(Brief descriptive captions)
+---+

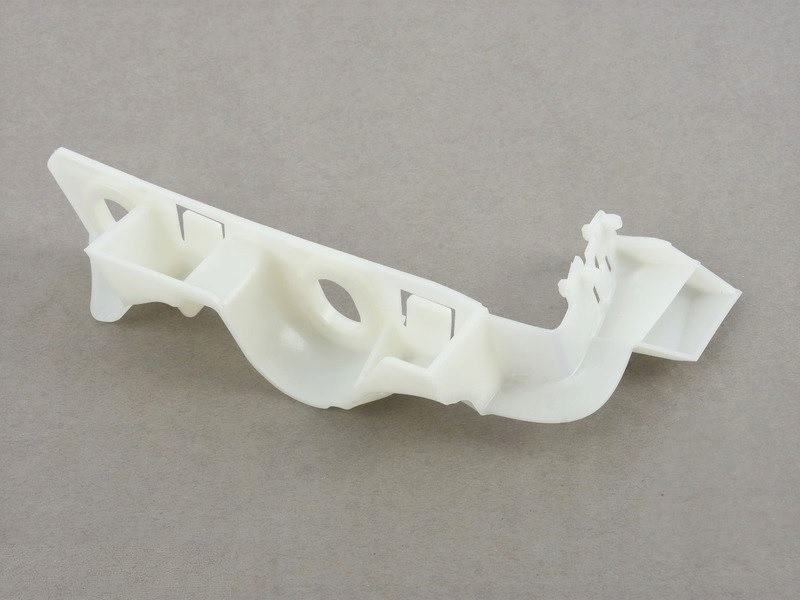 Купити Кронштейн бампера праве audi a4 b9 2015-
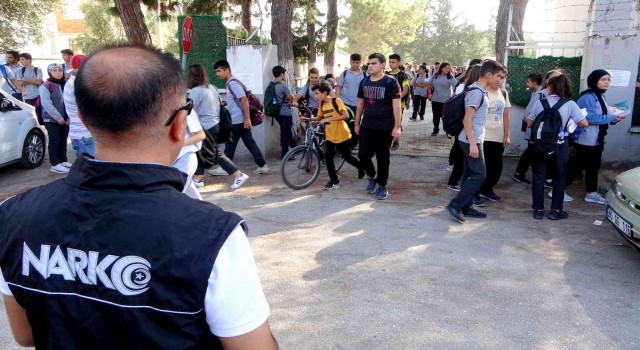 Osmaniyede okul önlerinde narkotik uygulaması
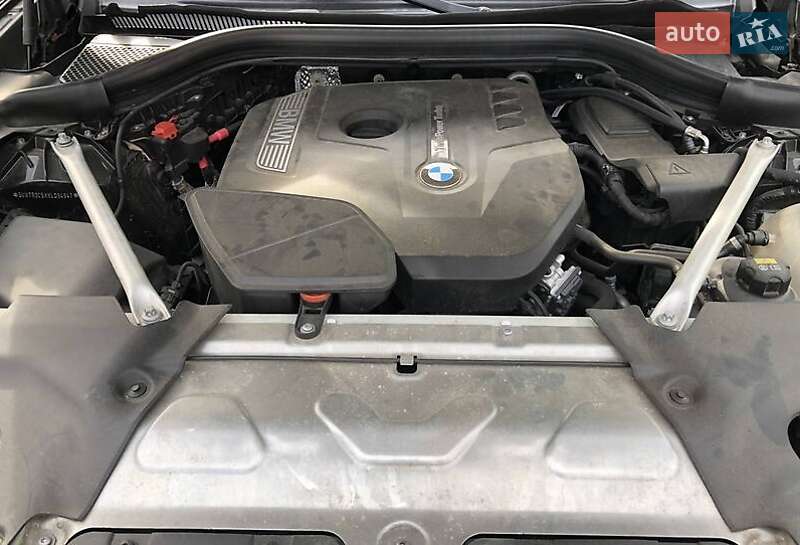 Внедорожник / Кроссовер BMW X3 2018 в Киеве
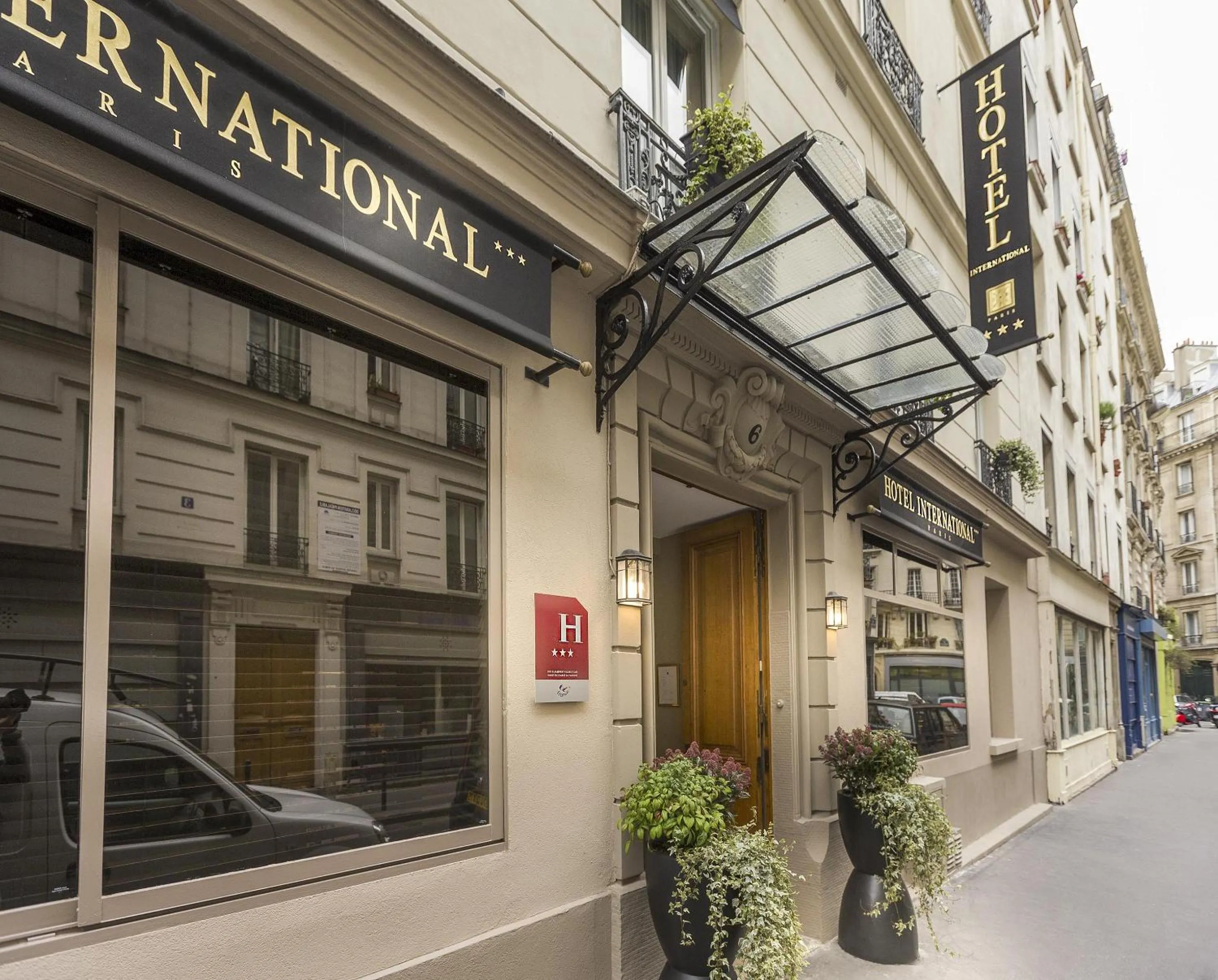 Facade/entrance in Hôtel International Paris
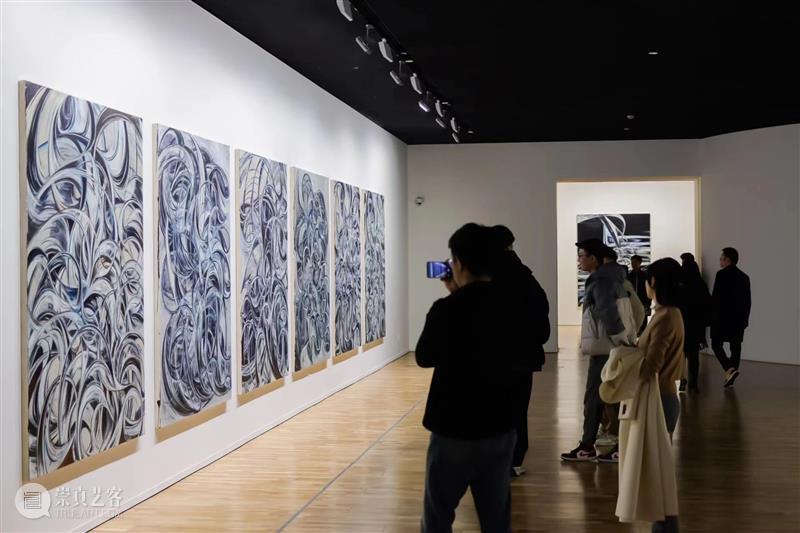 LONG重磅 | 95后艺术家方媛首次美术馆个展开幕，作品回应时代的激烈流变 崇真艺客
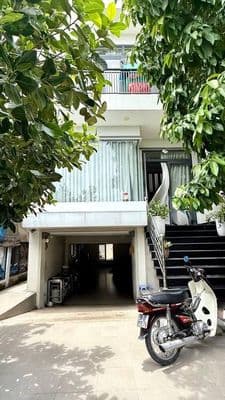 Bán nhà mặt tiền Lê Văn Lương, 110m2, hơn 11 tỷ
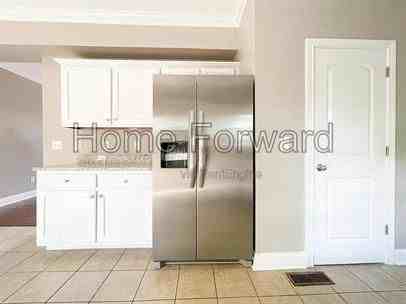 1155 Unity Dr - Photo 6 of 28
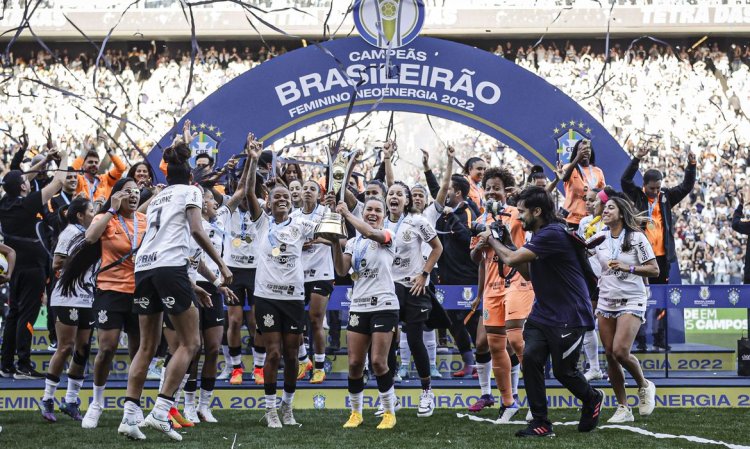 Corinthians vence Internacional por 4 a 1 e se torna é Tetracampeão do Brasileirão Feminino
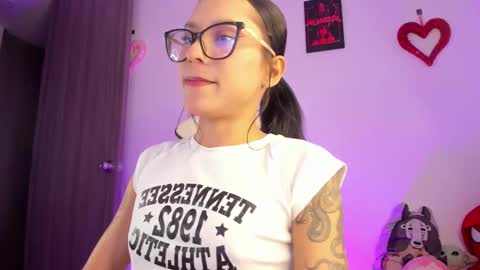 Snapshot of emma_rinaldi_ chatting on February 25, 12:42 am Emma online show from February 25, 12:42 am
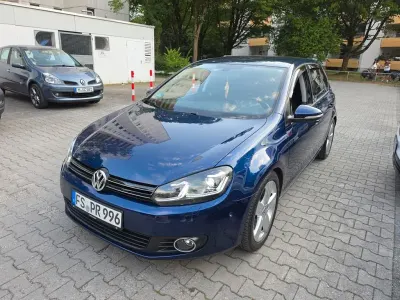 Gebraucht VW Golf VI Team 105 PS (77 kW) 2010 Blau Kleinwagen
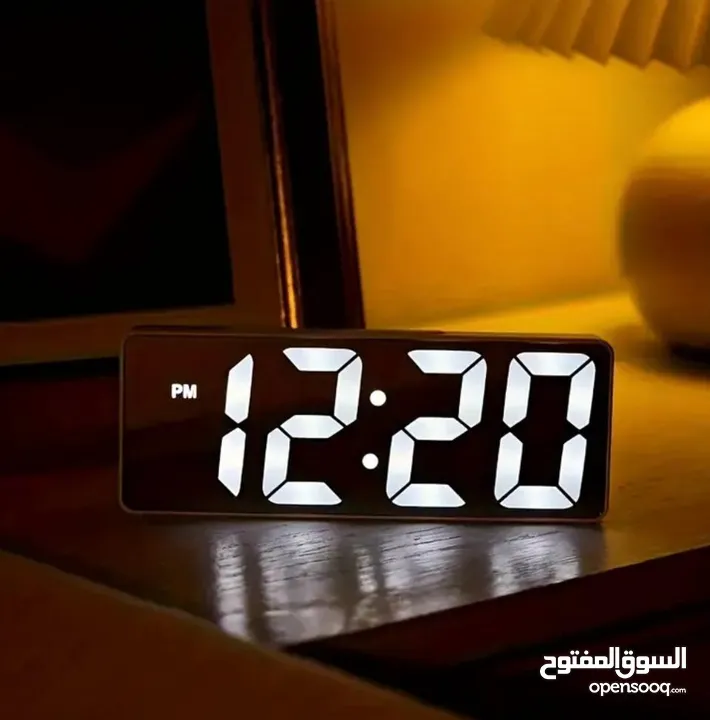 ساعة رقمية LED أنيقة مع منبه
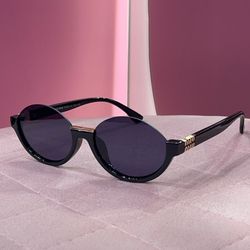 عینک miu miu نیم فرم مشکی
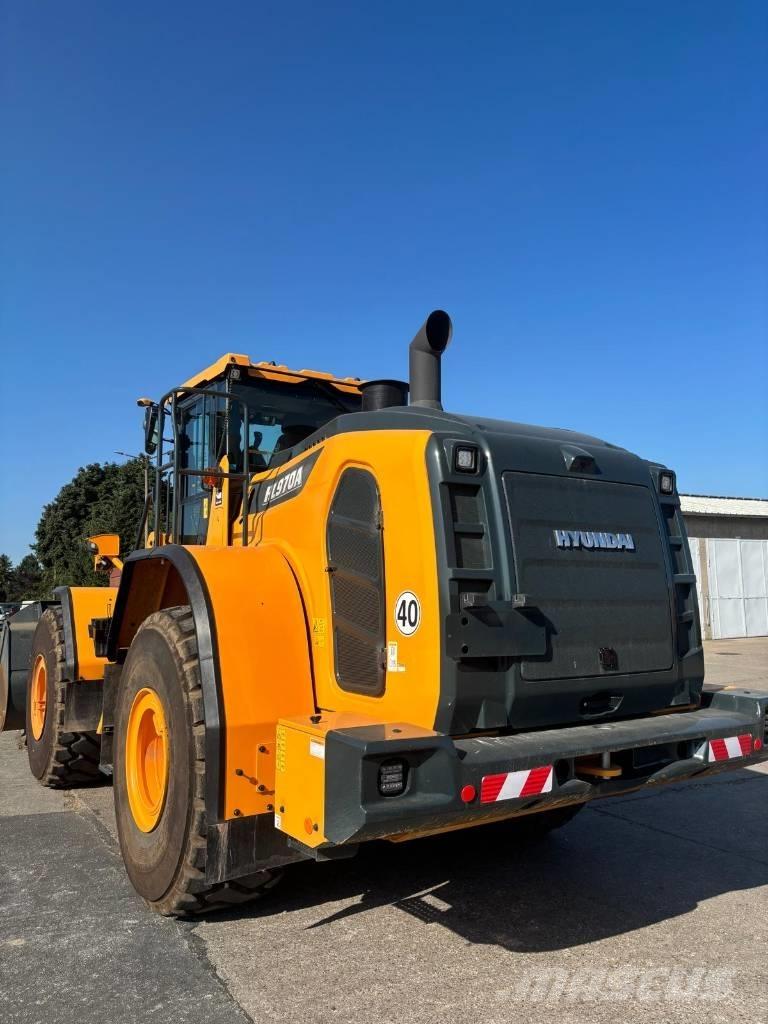 Hyundai HL 970 A Gumikerekes homlokrakodók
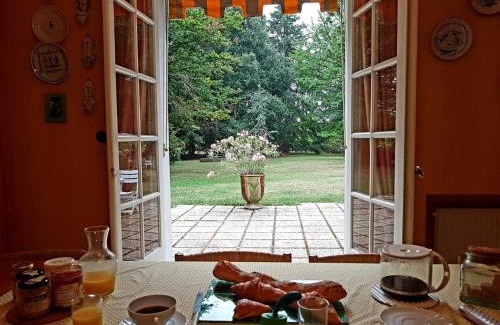 Le Mazeau Bed & Breakfast | les allées du château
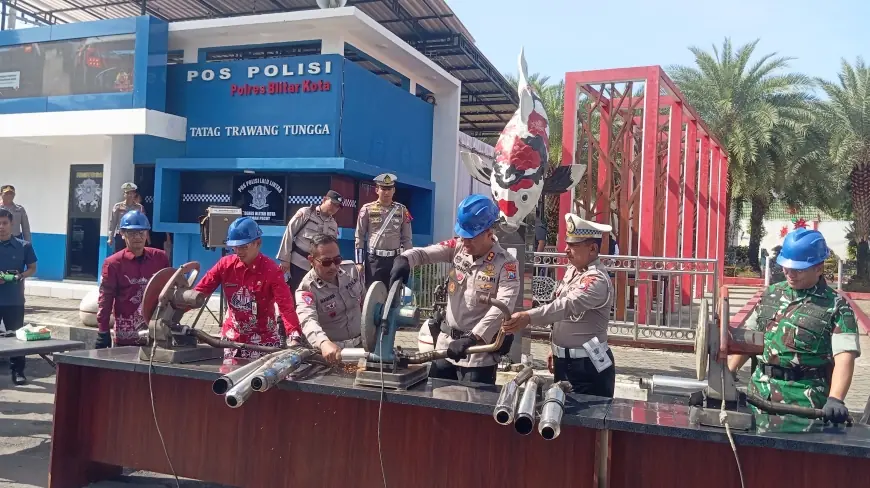 Polresta Blitar Musnahkan 750 Knalpot Brong Hasil Razia selama Ramadan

+---+

| Brief |
Although the records above contain pictures, output every line exactly and leave the pictures out.

| Solution to the problem |
 Купити Кронштейн бампера праве audi a4 b9 2015-
 Osmaniyede okul önlerinde narkotik uygulaması
 Внедорожник / Кроссовер BMW X3 2018 в Киеве
 Facade/entrance in Hôtel International Paris
 LONG重磅 | 95后艺术家方媛首次美术馆个展开幕，作品回应时代的激烈流变 崇真艺客
 Bán nhà mặt tiền Lê Văn Lương, 110m2, hơn 11 tỷ
 1155 Unity Dr - Photo 6 of 28
 Corinthians vence Internacional por 4 a 1 e se torna é Tetracampeão do Brasileirão Feminino
 Snapshot of emma_rinaldi_ chatting on February 25, 12:42 am Emma online show from February 25, 12:42 am
 Gebraucht VW Golf VI Team 105 PS (77 kW) 2010 Blau Kleinwagen
 ساعة رقمية LED أنيقة مع منبه
 عینک miu miu نیم فرم مشکی
 Hyundai HL 970 A Gumikerekes homlokrakodók
 Le Mazeau Bed & Breakfast | les allées du château
 Polresta Blitar Musnahkan 750 Knalpot Brong Hasil Razia selama Ramadan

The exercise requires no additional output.